Наверное, в моем голосе было что-то такое, что заставило Ингу прекратить расспросы о службе. Мы помолчали, глядя друг на друга. Деликатный Кушнер топтался в стороне и внимательно изучал забор воинской части. На его глазах две коровы вышли из пролома в заборе и пошли, подгоняемые босоногим чумазым мальчишкой, вдоль шоссе к поселку на холмах.
– Тебя с нами отпустят? – спросила Инга. – Хотя бы до завтрашнего утра? Мы уже были в гостинице, нам пообещали один двухместный номер на сутки.
Я ненадолго задумался. К черным часто приезжали разные родственники, и почти всегда им по этому поводу выписывали увольнительные, в том числе и с ночевкой. Имелся и гостевой домик, в котором родственники могли разместиться, если солдата по каким-то причинам не отпускали из части. Но к кому я пойду со своими проблемами? Пекуш уехал, Бальчис не решает такие вопросы. Обратиться к дежурному по части? Очень я ему нужен! Тем более, что сегодня, по-моему, стоит как раз Бегунцов, который по каким-то причинам меня недолюбливает. К тому же я числюсь дневальным…
– Никто меня не отпустит. – Я покачал головой. – У нас увольнительных не дают.
– Так не бывает.
– Как видишь, бывает.
– Значит, тебя и в отпуск не пустят?
– Посмотрим.
– А к тебе можно зайти?
– Куда?
– Ну, не знаю… Туда, где вы живете, в казарму, наверное.

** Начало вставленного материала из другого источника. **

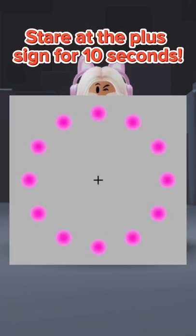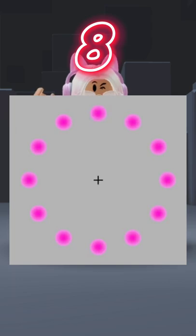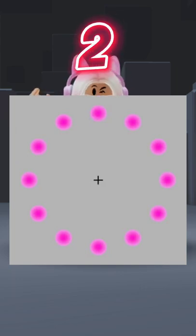Stare at the plus sign for 10 seconds. 10, 9, 8, 7, 6, 5, 4, 3, 2, 1.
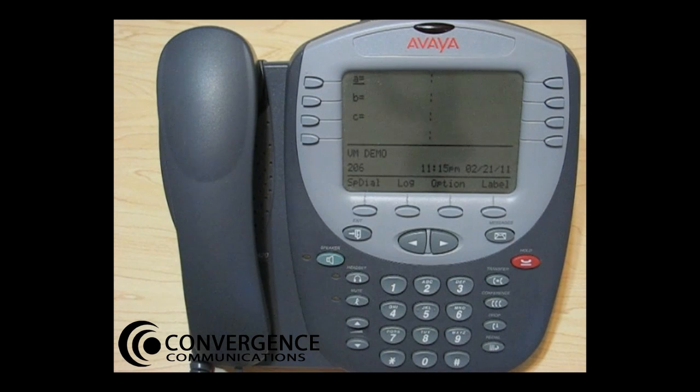To set up your Avaya IP Office voice mailbox for the first time, press star 17. Welcome to IP Office. For help at any time, press star H. Please enter your extension and pound sign. Enter your extension number followed by the pound sign, or if you are at your extension, press the pound sign.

Я снова отрицательно покачал головой.
– Нам не надо было к тебе приезжать? Мне так хотелось тебя увидеть, я думала, ты обрадуешься… А тебе, наверное, так еще тяжелее. Извини, я не подумала об этом.
Мы поговорили о какой-то ерунде еще минут пять. Потом я извинился перед Ингой и отошел к Кушнеру:
– Тоже скажешь, что я похудел?
– Есть немного. Что, нам не надо было…
– Не надо. Если Инга еще раз захочет, удержи ее, хорошо? Ты не баба, с тобой можно говорить прямо, так вот, я скажу: мне проще без вас. Я настроился терпеть как минимум до зимы, а вы меня с ритма сбиваете. Трудно его восстанавливать, понимаешь? Здесь совсем другая жизнь!
– Я думал, ты к ней с детства привык.
– Я тоже так думал и, как выяснилось, ошибся. Тут много нового. Вернусь – расскажу. Про Мастера новостей нет?
– Из клуба уволился, где сейчас – я не знаю. Он тебе не пишет?
– Пока писем не было.
– Серый, по слухам, теперь на Южном кладбище.
– В смысле?
– Нет, ты что, он жив!
– Землекопом работает?
– Нет, наверное. Я точно не знаю, но говорят, что он там не последний человек. Понимаешь, у меня появилось много новых знакомых, которые… Ну, как тебе объяснить? Короче, ребята-спортсмены, которые работают с кооператорами. Вот, смотри, я специально привез показать, – Кушнер достал фотографию, на которой он был запечатлен стоящим в окружении нескольких человек. Все кроме него были раздеты по пояс и демонстрировали мышцы, как культуристы на показательных выступлениях. Никого из них я не знал.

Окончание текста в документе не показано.